- **Scraped caption text data**
┄┄┄┄┄┄┄┄┄┄┄┄┄┄┄┄┄┄┄┄
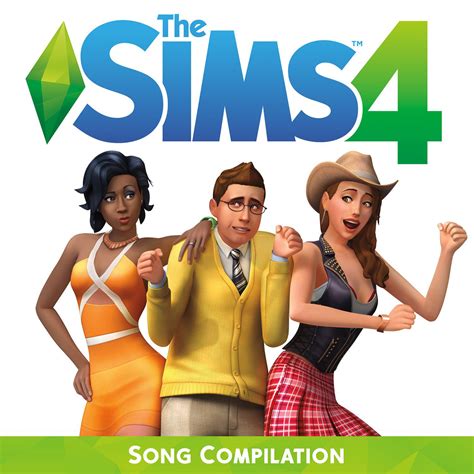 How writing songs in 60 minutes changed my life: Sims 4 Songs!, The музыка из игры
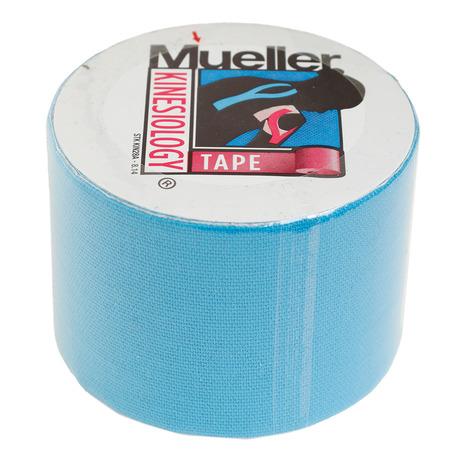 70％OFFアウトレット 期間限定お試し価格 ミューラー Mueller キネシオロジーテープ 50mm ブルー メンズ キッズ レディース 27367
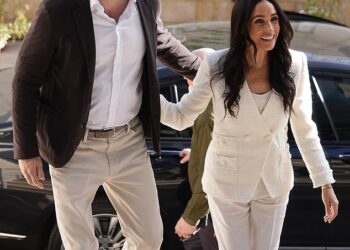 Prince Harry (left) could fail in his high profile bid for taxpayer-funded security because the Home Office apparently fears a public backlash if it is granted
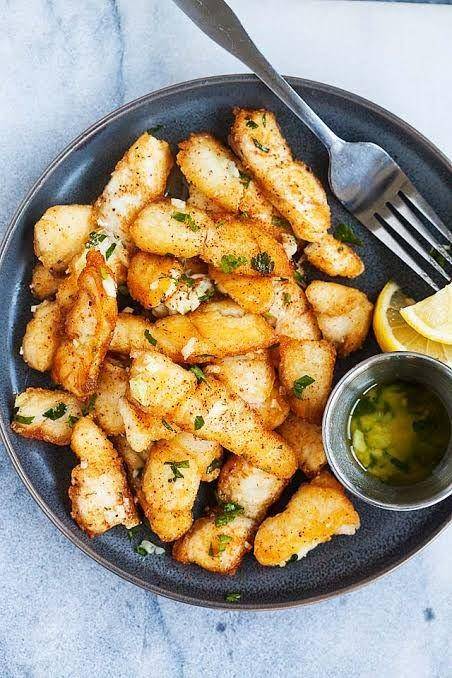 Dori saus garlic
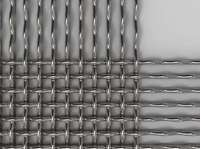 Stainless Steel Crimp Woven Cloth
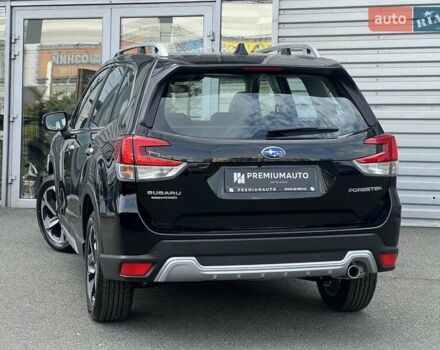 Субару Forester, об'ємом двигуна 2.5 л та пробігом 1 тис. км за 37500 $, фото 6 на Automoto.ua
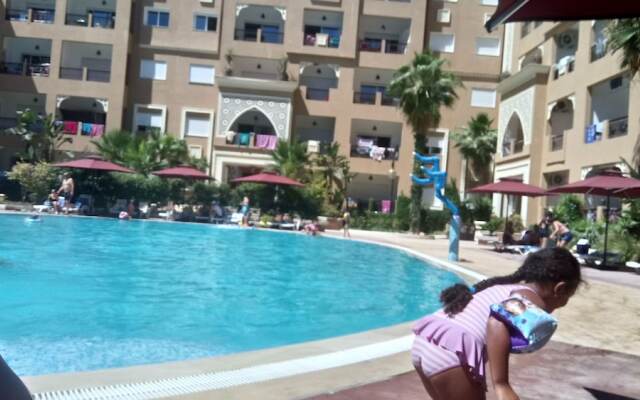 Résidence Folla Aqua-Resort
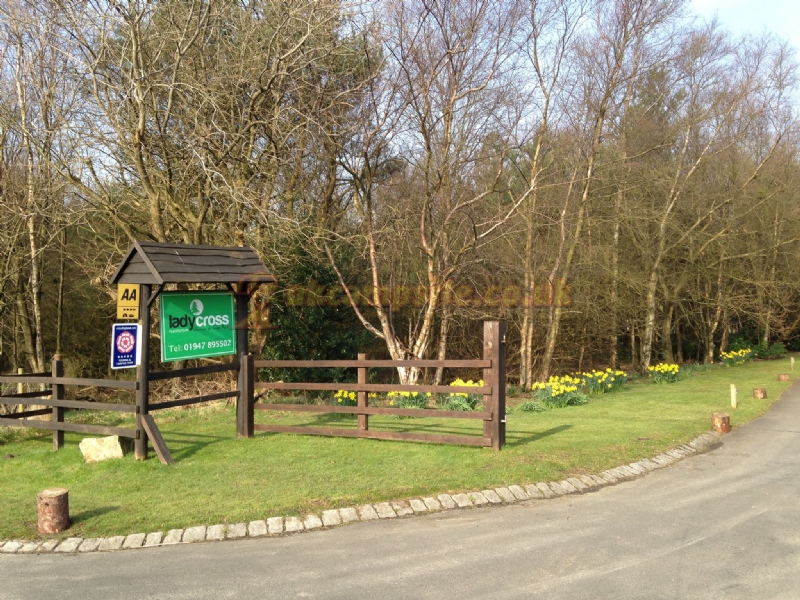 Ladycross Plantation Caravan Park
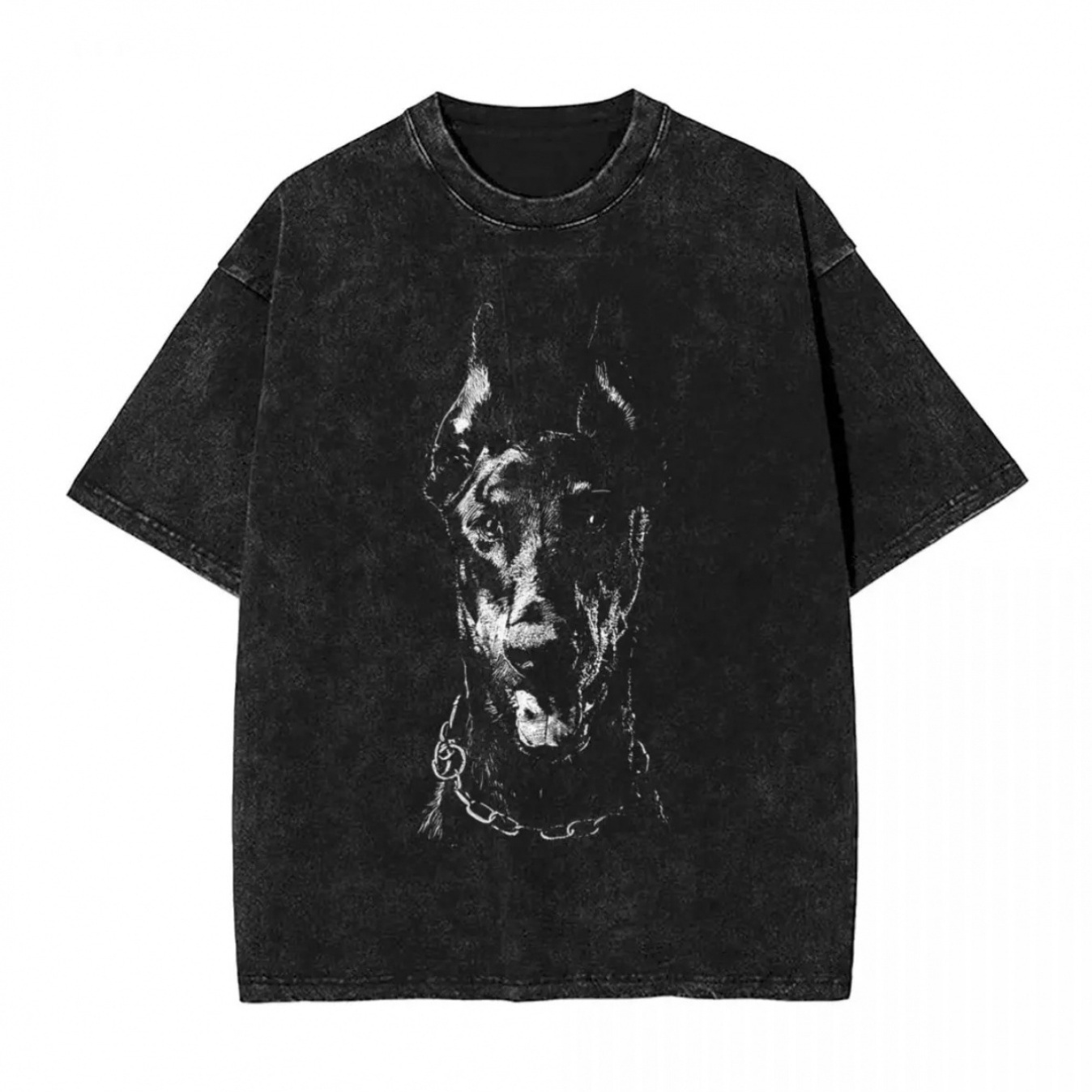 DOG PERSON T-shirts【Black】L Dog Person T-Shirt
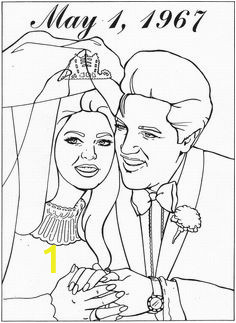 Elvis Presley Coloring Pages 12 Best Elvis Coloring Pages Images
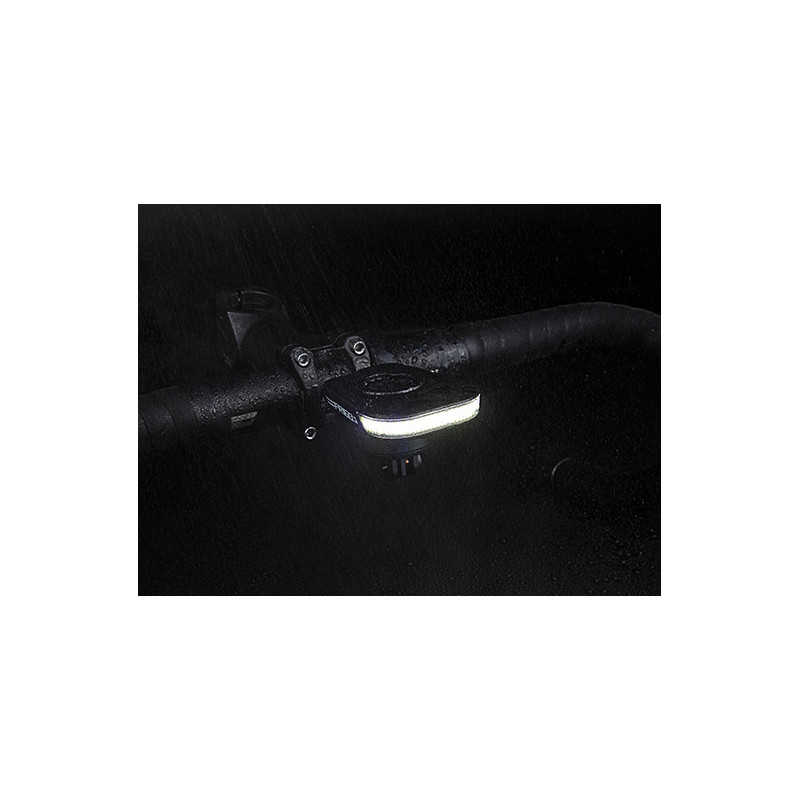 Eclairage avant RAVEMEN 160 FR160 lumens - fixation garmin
┄┄┄┄┄┄┄┄┄┄┄┄┄┄┄┄┄┄┄┄
Please give a word-for-word transcript of the lines from the one holding "DOG PERSON T-shirts【Black】L" through the final line of the entries, both ends kept, with no pictures.

- **TASK RESULT**
 DOG PERSON T-shirts【Black】L Dog Person T-Shirt
 Elvis Presley Coloring Pages 12 Best Elvis Coloring Pages Images
 Eclairage avant RAVEMEN 160 FR160 lumens - fixation garmin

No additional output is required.